#### EXERCISE DETAILS:
Return the stretch from the line with "( G to VG )" through the line with "Wütender junger Mann schläft nicht." in the data below, character for character, skipping all pictures.

#### RECORDS TO USE:
-- Opening Marker --

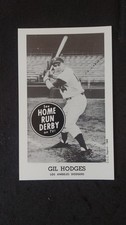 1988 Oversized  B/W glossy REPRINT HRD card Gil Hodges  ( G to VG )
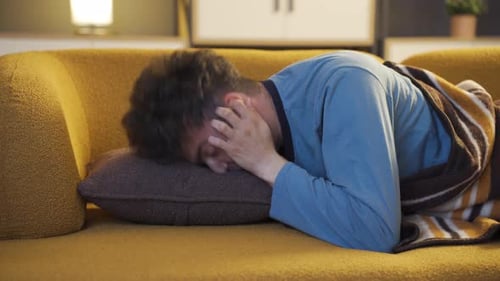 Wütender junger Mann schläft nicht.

-- Closing Marker --
-- Opening Marker --

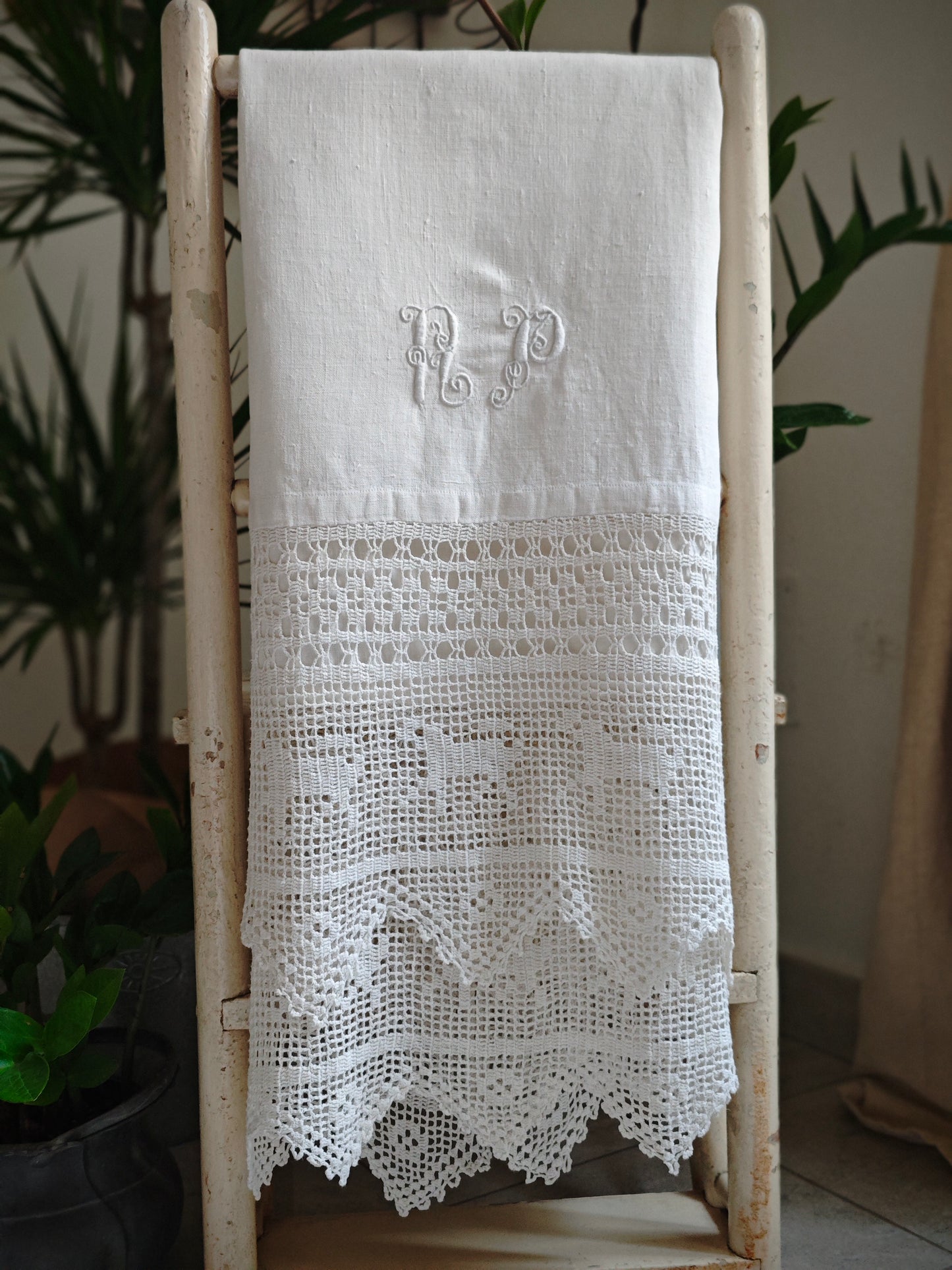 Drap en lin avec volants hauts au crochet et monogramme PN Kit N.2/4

-- Closing Marker --
-- Opening Marker --

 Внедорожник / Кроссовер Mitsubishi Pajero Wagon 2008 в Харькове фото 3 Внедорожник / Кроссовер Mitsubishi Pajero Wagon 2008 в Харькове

-- Closing Marker --

#### RESPONSE FOR THIS EXERCISE:
 1988 Oversized  B/W glossy REPRINT HRD card Gil Hodges  ( G to VG )
 Wütender junger Mann schläft nicht.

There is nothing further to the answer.